The holes are 2" in diameter, a size we've been using for a few years in many of our top bar hives without issue. When the colony is just starting out (or during winter), the reduced 3/4"-1" hole is fine, but I definitely recommend opening the entrance fully at this point if they've got that many bees! The 2" holes are significantly smaller overall than a Langstroth entrance, or most other entrances for that matter. They are also about the size recommended by Thomas Seeley in _Honeybee Democracy_.

Best,
Matt


----------



## PatBeek

.

How brilliant is it to try to widen and/or add holes to a hive that's already in operation?

Has anyone tried such a feat yet?

I could do it very quickly with a paddle bit that's for wood, but I suspect all you-know-what would break loose


----------



## Colleen O.

PatBeek said:


> .
> 
> How brilliant is it to try to widen and/or add holes to a hive that's already in operation?
> 
> Has anyone tried such a feat yet?
> 
> I could do it very quickly with a paddle bit that's for wood, but I suspect all you-know-what would break loose


 I added some last year but they were in a completely different location from the ones in use. The bees were using the bottom center holes at the time and I added ones in an area of the hive that was blocked off from use. After I added them I moved the combs to that end of the hive. I was fully suited up and expecting the worst but they didn't mind me. Last year's Italian package bees were really docile though. With this year's Minnesota Hygienic bees I don't think I would try it.


----------



## rhaldridge

PatBeek said:


> .
> 
> How brilliant is it to try to widen and/or add holes to a hive that's already in operation?
> 
> Has anyone tried such a feat yet?


No, but with the kind of top entrance I'm using on my long hives, it wouldn't be a problem, since it's just a slot routed out of the edge of a plywood covering board. Remove the board, flip it end for end and rout a new slot.


----------



## robherc

PatBeek said:


> How brilliant is it to try to widen and/or add holes to a hive that's already in operation?
> ...I could do it very quickly with a paddle bit that's for wood...

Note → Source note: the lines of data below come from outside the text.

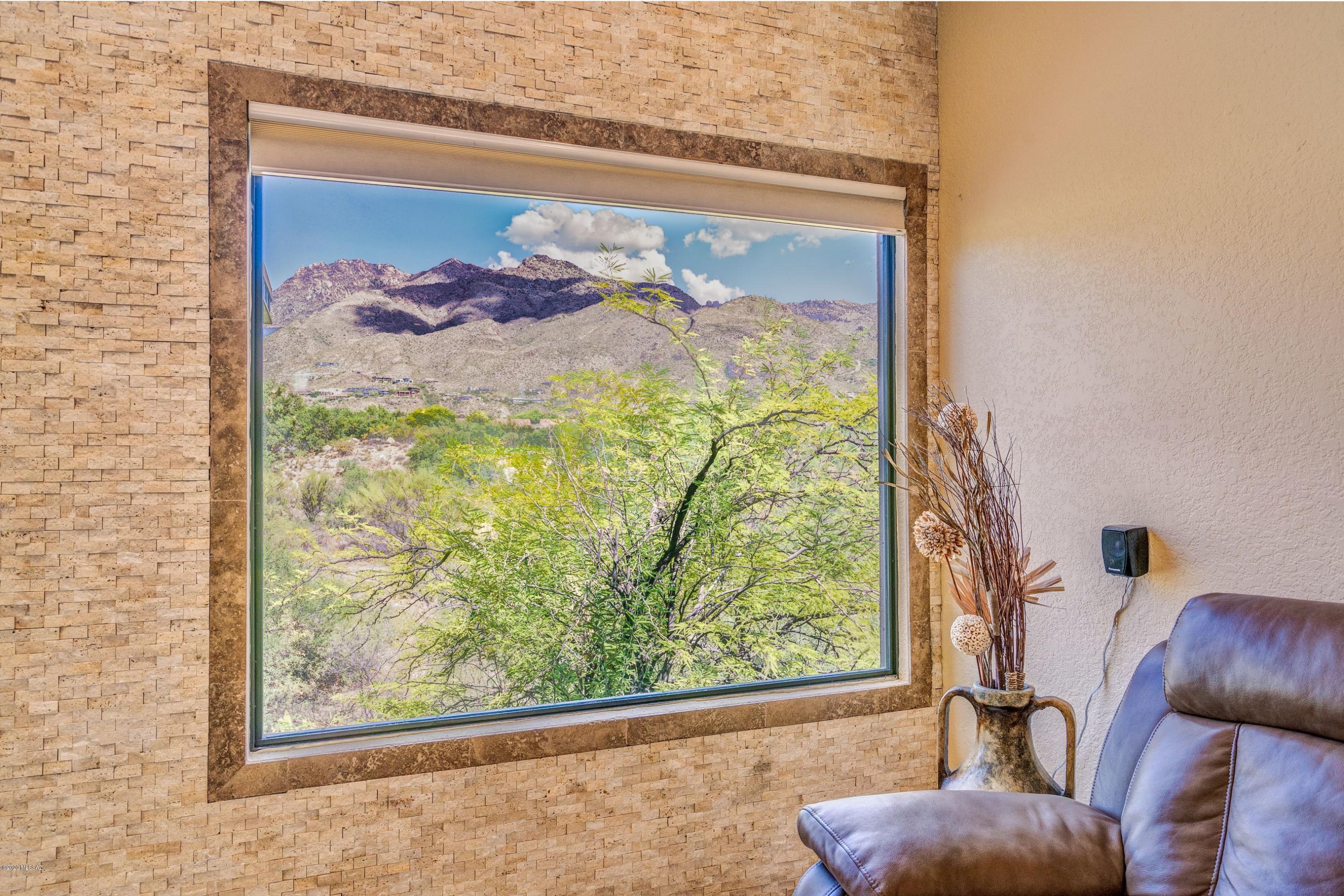 Greens at Ventana Canyon - Residential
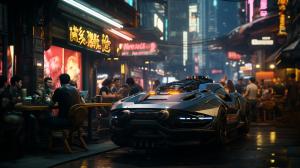 police in cyberpunk 2077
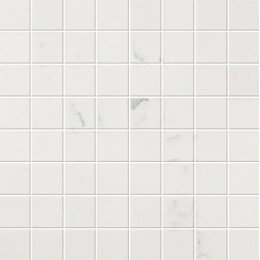 Marvel Calacatta Mosaico matt 30х30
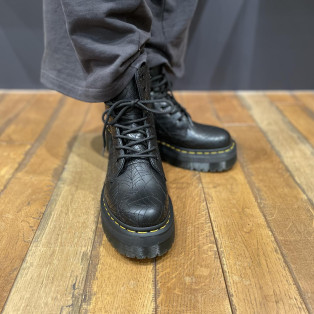 Dr.Martens 新作 DR. MARTENS x WEDNESDAY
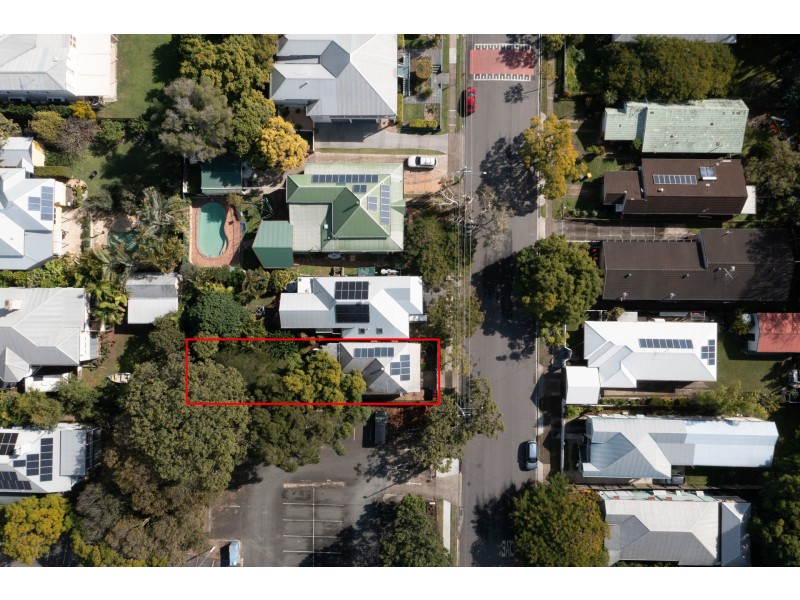 49 Inwood Street, Wooloowin QLD 4030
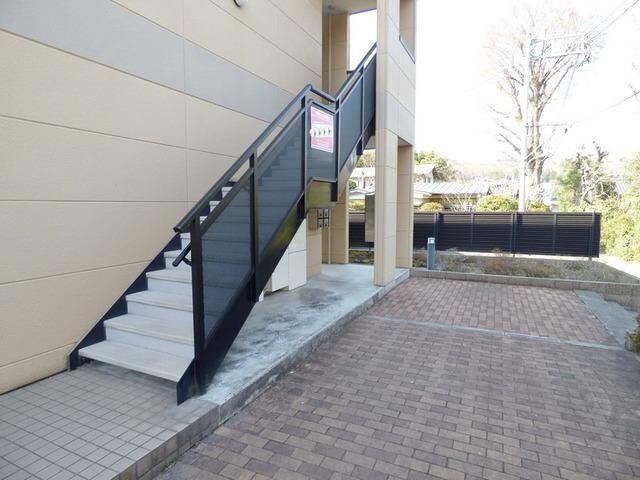 アイビーハイムの物件内観写真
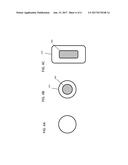 SELECTIVELY SOLUBLE STANDOFFS FOR CHIP JOINING diagram and image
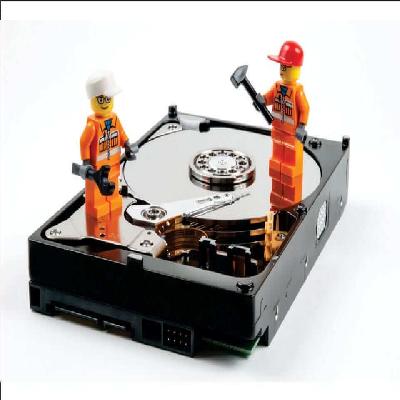 Data Recovery Service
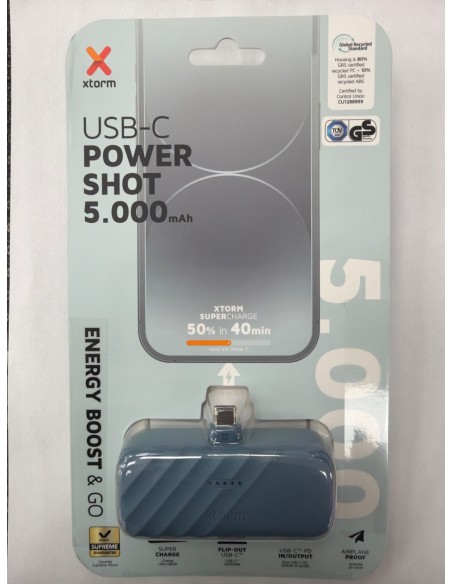 1-1-276630-1-Bateria Portatil ACTXG2PS053 (Nuevo)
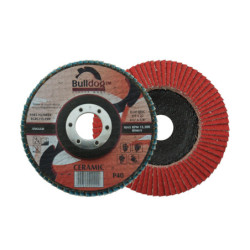 Homegrown Ceramic Flap...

Personally, I'd opt for about a 1/2" or so STANDARD twist drill bit...it's much less violent when it reaches the other end of the wood...no paddle bit chattering & tearing stuff up to stir up the bees unnecessarily...IMHO


----------



## Jarvis

I made a TBH this weekend and am using Michael Bush' method of leaving a 3/8" space between the end of the hive and the first top bar. I tacked a small nail for the first bar to butt up against so they wouldn't become askew and misalign the opening. The cover extends over the entrance and it remains accessible since the width of the top bars is 3/8", allowing the cover to be 3/8" raised from the hive body. Simple and, I hope, effective. In this thread, several people mentioned that certain various entrances "didn't work for them." I'm confused by that statement. How will I know if the bees are preferring the slot on the top versus the 3/4" hole on the nuc from which they came? Thanks for your help.


----------



## Rambledog

I have a four foot KTBH. I am using three 1/2" holes drilled near the top on one end. I also leave approx 1/2" gap between the last top bar and the same end as the holes. The bees enter and exit from beneath the lid. They seem to be quite happy. My intention is to close the top gap in winter.
Does anyone know how to detect if robbing is a problem? I don't see any fighting bees, nor do I notice any "strange" looking bees.


----------



## Michael Bush

>How will I know if the bees are preferring the slot on the top versus the 3/4" hole on the nuc from which they came? 

I would say the bees' preference on the matter is just a roll of the dice. The question is "which would work out better?"


----------



## mrobinson

Given a gap in the bars, _e.g._ by one that's not quite pressed-down firmly, I've noticed that they happily use both this new-found egress and the holes.


----------